When two Katikati teens shaved their heads for charity, they couldn't believe how many others joined them.
Best mates Hamish Lorney and Cam Hankins shaved off their long blond locks to raise money for Shave for a Cure yesterday.
They were joined at Action Centre Katikati College by about 15 others who did the same, including Katikati College principal Carolyn Pentecost, Hamish said.
The former student said he half expected some friends at the school would join in but was surprised by just how many.

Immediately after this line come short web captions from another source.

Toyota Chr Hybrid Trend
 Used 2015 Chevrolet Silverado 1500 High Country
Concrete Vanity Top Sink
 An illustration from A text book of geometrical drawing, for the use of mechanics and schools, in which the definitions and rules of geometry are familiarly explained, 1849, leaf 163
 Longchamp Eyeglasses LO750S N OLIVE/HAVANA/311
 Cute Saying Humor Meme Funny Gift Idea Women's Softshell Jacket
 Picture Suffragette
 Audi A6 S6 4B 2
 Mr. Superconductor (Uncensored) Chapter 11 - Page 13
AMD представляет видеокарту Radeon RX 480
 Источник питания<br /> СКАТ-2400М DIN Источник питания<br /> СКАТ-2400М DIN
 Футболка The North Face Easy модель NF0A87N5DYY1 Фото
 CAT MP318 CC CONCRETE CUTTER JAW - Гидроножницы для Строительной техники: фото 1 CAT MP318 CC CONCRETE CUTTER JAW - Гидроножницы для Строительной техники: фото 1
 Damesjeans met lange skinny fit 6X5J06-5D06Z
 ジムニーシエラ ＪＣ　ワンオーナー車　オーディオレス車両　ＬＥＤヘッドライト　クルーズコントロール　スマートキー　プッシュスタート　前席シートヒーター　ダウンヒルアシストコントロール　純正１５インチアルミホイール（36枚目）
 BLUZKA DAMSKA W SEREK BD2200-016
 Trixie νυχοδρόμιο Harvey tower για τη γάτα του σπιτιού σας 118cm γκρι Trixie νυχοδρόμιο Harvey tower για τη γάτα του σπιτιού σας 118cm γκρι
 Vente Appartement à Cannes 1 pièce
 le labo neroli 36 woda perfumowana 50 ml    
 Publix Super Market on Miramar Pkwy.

"Everyone came and wanted to shave their heads.
"It's wicked we all came together really well. We had a couple of teachers do the wax strips on their legs as well to raise money. I had a couple as well. It hurt."
But, Hamish said, it was all worth it.
"I did it because of my mum. She passed away three years ago with breast cancer. So it didn't bother me. It was worth every bit of hair."
The newly shed locks were collected in two buckets, which Hamish and Cam hoped to donate towards charity.
"We are not too sure how that will go. It would be nice to give people wigs," Hamish said.
Together, the community's efforts raised more than $10,500.
Despite the cold shock to the scalp when he stepped outside, Hamish was elated.
"I'm in a bloody good mood. It feels nice to be doing something for the greater good."
Cam was also on cloud nine. It had been almost three years since he last had a haircut but "I've no regrets".
"It was such a perfect day," he said.
Cam, who is head boy at the college, said the support they received had been incredible, especially from the school principal.
Pentecost promised the teens if they could raise $6000 or more, she would shave her head as well.
They did. So she did.
"She went up after us. It was such an awesome day. The whole school seemed like they were at the action centre."
Cam said while his new - much shorter - haircut took some getting used to, he was happy.
"It's just hair, it grows back. We got the choice to shave our heads. Others don't."
Pentecost said everybody had been touched by cancer and the boys had shown great initiative.
"What they have done is great and I think I was just the golden carrot to get them the money that they deserve."
Pentecost said that apart from a slight fear her hair might grow back grey, she was not too worried.
"I've got a hat."
Where does the money go?
• Leukaemia and Blood Cancer New Zealand foundation receives no government funding. Funds raised pay for its core services such as patient support, research, information and advocacy. It is supported by voluntary donations such as those raised in shaving events.
• The organisation has a cost ratio of 75 per cent spent on outcomes, 15 per cent spent on fundraising, 10 per cent spent on administration. This means that 75 cents of every dollar spent is applied towards improving outcomes for patients and families across New Zealand impacted by a blood cancer diagnosis.